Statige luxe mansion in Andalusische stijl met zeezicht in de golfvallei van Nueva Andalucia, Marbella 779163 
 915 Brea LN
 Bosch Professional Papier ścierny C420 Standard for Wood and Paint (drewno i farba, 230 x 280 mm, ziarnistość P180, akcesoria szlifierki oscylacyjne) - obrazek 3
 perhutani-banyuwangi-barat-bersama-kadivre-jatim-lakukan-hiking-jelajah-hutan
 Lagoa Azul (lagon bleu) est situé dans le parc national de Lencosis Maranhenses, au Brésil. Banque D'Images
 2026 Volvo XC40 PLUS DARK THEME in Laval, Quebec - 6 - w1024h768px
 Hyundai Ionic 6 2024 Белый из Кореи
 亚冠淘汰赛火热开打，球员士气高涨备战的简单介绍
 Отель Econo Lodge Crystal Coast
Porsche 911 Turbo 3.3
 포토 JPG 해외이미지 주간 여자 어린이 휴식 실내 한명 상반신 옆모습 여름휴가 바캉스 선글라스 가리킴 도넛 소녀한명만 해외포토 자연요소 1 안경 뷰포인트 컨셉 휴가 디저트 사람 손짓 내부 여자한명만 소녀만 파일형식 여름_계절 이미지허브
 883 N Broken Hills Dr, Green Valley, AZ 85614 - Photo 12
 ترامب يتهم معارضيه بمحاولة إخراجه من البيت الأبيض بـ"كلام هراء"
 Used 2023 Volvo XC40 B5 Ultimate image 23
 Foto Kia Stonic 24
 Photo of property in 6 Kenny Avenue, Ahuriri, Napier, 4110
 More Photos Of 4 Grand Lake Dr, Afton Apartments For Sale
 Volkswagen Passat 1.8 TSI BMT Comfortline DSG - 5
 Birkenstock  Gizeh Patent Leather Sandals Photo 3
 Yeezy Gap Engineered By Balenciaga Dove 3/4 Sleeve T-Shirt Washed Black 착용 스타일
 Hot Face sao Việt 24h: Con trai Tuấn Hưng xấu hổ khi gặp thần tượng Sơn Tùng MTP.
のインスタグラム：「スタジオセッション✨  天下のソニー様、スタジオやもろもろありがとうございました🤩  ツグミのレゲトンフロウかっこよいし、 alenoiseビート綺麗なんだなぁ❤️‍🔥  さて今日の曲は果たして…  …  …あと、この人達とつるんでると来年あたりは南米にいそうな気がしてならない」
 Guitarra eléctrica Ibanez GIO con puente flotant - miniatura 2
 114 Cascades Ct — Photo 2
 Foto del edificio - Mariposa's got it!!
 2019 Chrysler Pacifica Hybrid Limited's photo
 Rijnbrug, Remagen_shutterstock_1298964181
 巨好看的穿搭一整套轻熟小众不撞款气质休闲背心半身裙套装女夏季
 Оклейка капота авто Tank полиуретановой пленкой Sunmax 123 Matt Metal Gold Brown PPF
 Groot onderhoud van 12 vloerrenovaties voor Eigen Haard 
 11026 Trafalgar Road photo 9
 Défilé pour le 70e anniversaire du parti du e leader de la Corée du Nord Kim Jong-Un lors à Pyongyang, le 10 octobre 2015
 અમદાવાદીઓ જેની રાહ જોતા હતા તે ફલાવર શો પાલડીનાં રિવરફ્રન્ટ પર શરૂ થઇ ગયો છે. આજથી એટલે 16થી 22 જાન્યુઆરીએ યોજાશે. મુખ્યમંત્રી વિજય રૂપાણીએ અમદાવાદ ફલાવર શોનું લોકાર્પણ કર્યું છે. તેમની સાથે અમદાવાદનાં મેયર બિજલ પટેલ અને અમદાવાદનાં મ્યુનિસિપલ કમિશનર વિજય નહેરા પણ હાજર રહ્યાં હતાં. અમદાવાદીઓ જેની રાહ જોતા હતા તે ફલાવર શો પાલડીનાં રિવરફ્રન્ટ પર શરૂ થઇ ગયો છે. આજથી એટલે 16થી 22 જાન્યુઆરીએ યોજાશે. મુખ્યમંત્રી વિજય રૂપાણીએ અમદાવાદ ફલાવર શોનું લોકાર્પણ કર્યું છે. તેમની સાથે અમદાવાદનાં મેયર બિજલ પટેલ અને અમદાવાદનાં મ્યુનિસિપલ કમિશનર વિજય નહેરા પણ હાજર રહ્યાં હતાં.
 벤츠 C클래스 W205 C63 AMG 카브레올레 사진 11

> WHAT TO WORK ON
Whenever the word "Foto" occurs in a line above, copy that line.

> SOLUTION TO THE EXERCISE
 Foto Kia Stonic 24
 Foto del edificio - Mariposa's got it!!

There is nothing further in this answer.